[Listed entries — start]
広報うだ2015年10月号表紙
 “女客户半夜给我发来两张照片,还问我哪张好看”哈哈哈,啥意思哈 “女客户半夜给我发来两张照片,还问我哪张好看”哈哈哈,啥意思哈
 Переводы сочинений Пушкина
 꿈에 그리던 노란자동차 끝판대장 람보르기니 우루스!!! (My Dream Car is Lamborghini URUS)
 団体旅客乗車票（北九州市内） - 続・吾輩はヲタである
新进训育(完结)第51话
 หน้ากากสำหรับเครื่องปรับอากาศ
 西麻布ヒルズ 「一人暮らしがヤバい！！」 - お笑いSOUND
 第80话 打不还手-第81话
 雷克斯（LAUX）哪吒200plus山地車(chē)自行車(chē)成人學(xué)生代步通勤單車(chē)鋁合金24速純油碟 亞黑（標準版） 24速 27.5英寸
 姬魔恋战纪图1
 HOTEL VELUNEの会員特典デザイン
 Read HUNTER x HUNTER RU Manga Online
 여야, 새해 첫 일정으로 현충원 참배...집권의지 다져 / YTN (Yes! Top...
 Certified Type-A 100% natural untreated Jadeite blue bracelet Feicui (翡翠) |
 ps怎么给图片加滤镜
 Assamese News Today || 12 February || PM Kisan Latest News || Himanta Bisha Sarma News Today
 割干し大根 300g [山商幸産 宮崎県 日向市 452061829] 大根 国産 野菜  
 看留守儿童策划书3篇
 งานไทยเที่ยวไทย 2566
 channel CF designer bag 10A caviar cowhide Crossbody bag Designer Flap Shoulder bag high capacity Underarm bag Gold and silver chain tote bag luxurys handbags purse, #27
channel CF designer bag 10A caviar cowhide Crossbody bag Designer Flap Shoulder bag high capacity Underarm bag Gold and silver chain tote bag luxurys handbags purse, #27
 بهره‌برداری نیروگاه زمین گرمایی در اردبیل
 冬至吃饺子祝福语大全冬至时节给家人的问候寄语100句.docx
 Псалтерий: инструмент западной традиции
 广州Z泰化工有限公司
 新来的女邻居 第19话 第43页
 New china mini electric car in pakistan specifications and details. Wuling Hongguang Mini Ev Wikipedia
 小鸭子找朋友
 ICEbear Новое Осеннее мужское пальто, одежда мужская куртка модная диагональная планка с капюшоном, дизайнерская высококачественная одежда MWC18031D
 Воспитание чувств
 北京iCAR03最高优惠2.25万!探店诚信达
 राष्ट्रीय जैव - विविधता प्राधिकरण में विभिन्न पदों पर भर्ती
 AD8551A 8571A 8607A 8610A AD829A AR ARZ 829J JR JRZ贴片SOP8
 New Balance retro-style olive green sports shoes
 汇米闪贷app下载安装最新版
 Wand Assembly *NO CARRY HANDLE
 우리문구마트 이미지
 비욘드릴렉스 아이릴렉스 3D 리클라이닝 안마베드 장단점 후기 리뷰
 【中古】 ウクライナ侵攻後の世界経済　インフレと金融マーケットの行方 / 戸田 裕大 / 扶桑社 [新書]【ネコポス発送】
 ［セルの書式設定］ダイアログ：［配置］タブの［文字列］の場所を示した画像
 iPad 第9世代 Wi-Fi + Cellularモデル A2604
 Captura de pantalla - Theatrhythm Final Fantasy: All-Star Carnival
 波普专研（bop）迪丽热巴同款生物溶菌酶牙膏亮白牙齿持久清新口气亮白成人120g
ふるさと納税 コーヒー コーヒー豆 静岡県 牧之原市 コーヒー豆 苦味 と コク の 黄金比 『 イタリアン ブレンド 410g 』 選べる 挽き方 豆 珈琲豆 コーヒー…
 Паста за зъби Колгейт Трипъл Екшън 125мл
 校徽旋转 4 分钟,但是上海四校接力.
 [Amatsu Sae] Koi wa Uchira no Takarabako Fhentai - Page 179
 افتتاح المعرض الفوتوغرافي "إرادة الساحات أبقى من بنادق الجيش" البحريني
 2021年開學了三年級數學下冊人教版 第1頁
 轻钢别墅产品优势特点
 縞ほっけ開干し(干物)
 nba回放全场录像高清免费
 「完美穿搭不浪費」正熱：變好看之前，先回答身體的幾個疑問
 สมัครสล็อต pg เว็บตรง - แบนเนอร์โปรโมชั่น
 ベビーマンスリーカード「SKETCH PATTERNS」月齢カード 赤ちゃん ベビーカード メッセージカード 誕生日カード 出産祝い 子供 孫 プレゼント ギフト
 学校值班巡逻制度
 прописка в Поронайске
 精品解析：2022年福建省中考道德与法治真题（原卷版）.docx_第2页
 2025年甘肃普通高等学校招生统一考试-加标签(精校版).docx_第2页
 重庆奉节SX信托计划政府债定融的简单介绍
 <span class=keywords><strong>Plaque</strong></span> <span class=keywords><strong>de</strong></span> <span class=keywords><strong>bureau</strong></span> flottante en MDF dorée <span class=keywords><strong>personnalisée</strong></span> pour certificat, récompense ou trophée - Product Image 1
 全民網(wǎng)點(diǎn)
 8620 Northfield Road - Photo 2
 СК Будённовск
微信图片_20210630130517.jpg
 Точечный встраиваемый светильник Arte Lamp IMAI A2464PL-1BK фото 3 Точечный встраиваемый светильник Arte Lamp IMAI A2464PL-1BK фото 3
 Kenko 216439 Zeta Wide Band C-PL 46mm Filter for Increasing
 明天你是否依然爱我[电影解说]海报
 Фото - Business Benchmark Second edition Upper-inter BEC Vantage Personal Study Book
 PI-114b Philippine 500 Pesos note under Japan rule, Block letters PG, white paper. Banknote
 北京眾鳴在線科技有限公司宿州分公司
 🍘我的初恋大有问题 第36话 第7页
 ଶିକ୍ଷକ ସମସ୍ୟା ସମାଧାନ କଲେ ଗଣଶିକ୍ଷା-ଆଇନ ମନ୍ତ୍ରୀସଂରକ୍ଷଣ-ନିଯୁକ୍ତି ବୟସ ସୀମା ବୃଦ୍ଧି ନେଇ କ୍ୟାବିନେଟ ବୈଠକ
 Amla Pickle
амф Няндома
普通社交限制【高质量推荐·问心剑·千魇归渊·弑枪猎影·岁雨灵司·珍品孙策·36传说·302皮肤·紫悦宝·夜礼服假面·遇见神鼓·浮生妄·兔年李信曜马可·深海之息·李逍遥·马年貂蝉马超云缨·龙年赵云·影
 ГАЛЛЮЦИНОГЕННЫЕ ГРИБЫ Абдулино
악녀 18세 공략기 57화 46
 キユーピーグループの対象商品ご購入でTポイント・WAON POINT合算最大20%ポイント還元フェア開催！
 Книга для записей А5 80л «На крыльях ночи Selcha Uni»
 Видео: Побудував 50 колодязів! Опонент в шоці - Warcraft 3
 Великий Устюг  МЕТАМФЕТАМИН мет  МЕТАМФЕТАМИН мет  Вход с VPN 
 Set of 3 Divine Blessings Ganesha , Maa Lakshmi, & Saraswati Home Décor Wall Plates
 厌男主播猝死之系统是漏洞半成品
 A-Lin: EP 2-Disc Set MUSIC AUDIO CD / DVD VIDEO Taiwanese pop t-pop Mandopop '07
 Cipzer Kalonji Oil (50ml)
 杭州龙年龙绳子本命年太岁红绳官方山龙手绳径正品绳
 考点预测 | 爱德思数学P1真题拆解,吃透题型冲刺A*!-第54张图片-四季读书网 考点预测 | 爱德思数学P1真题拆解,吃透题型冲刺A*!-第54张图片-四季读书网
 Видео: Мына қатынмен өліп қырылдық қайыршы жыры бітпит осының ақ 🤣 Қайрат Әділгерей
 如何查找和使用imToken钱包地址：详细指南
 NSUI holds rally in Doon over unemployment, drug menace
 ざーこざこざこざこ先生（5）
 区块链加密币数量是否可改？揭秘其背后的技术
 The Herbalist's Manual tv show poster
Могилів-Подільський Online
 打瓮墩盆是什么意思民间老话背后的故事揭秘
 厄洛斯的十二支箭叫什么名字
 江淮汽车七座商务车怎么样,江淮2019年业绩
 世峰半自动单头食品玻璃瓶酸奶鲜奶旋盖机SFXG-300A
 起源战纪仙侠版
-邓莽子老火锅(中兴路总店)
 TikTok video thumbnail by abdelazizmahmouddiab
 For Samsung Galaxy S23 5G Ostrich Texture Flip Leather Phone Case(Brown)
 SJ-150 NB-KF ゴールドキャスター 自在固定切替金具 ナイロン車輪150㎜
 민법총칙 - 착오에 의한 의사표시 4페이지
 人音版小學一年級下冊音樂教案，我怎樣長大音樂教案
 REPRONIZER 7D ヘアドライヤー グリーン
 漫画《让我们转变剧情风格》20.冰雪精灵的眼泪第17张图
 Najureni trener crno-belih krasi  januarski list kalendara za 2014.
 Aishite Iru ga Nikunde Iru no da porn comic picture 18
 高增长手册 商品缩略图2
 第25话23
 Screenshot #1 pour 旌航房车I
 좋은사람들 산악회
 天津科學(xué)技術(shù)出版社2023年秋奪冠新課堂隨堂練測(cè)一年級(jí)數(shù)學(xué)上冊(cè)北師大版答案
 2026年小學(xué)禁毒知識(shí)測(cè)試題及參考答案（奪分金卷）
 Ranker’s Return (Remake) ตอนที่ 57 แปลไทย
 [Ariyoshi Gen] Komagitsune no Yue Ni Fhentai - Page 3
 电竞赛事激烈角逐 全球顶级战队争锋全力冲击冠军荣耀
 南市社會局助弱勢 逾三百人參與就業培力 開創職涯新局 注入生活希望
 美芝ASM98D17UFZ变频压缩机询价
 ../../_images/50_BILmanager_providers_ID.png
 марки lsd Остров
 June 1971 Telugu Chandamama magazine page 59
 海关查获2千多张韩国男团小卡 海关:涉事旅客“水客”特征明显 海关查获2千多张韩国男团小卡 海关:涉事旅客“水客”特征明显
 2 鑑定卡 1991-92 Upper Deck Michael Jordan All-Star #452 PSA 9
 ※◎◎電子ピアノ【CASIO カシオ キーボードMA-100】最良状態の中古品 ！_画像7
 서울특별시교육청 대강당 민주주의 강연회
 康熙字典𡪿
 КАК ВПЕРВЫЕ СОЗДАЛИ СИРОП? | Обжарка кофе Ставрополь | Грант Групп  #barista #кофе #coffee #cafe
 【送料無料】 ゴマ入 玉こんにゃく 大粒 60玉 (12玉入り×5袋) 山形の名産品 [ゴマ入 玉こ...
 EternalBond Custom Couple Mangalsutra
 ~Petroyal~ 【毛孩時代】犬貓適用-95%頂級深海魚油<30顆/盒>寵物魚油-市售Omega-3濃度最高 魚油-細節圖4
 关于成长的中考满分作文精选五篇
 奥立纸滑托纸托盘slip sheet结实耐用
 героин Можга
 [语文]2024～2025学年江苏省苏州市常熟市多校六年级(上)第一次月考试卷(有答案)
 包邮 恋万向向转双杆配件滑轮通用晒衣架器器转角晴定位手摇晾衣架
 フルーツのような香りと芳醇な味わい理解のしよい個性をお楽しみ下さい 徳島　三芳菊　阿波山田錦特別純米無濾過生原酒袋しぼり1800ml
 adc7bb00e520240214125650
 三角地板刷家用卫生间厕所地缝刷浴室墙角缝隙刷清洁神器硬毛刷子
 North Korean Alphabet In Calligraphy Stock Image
[Listed entries — finish]
Task prompt:
Restate the records above verbatim up to and including the line containing "冬至吃饺子祝福语大全冬至时节给家人的问候寄语100句.docx".

Reply to the task:
広報うだ2015年10月号表紙
 “女客户半夜给我发来两张照片,还问我哪张好看”哈哈哈,啥意思哈 “女客户半夜给我发来两张照片,还问我哪张好看”哈哈哈,啥意思哈
 Переводы сочинений Пушкина
 꿈에 그리던 노란자동차 끝판대장 람보르기니 우루스!!! (My Dream Car is Lamborghini URUS)
 団体旅客乗車票（北九州市内） - 続・吾輩はヲタである
新进训育(完结)第51话
 หน้ากากสำหรับเครื่องปรับอากาศ
 西麻布ヒルズ 「一人暮らしがヤバい！！」 - お笑いSOUND
 第80话 打不还手-第81话
 雷克斯（LAUX）哪吒200plus山地車(chē)自行車(chē)成人學(xué)生代步通勤單車(chē)鋁合金24速純油碟 亞黑（標準版） 24速 27.5英寸
 姬魔恋战纪图1
 HOTEL VELUNEの会員特典デザイン
 Read HUNTER x HUNTER RU Manga Online
 여야, 새해 첫 일정으로 현충원 참배...집권의지 다져 / YTN (Yes! Top...
 Certified Type-A 100% natural untreated Jadeite blue bracelet Feicui (翡翠) |
 ps怎么给图片加滤镜
 Assamese News Today || 12 February || PM Kisan Latest News || Himanta Bisha Sarma News Today
 割干し大根 300g [山商幸産 宮崎県 日向市 452061829] 大根 国産 野菜  
 看留守儿童策划书3篇
 งานไทยเที่ยวไทย 2566
 channel CF designer bag 10A caviar cowhide Crossbody bag Designer Flap Shoulder bag high capacity Underarm bag Gold and silver chain tote bag luxurys handbags purse, #27
channel CF designer bag 10A caviar cowhide Crossbody bag Designer Flap Shoulder bag high capacity Underarm bag Gold and silver chain tote bag luxurys handbags purse, #27
 بهره‌برداری نیروگاه زمین گرمایی در اردبیل
 冬至吃饺子祝福语大全冬至时节给家人的问候寄语100句.docx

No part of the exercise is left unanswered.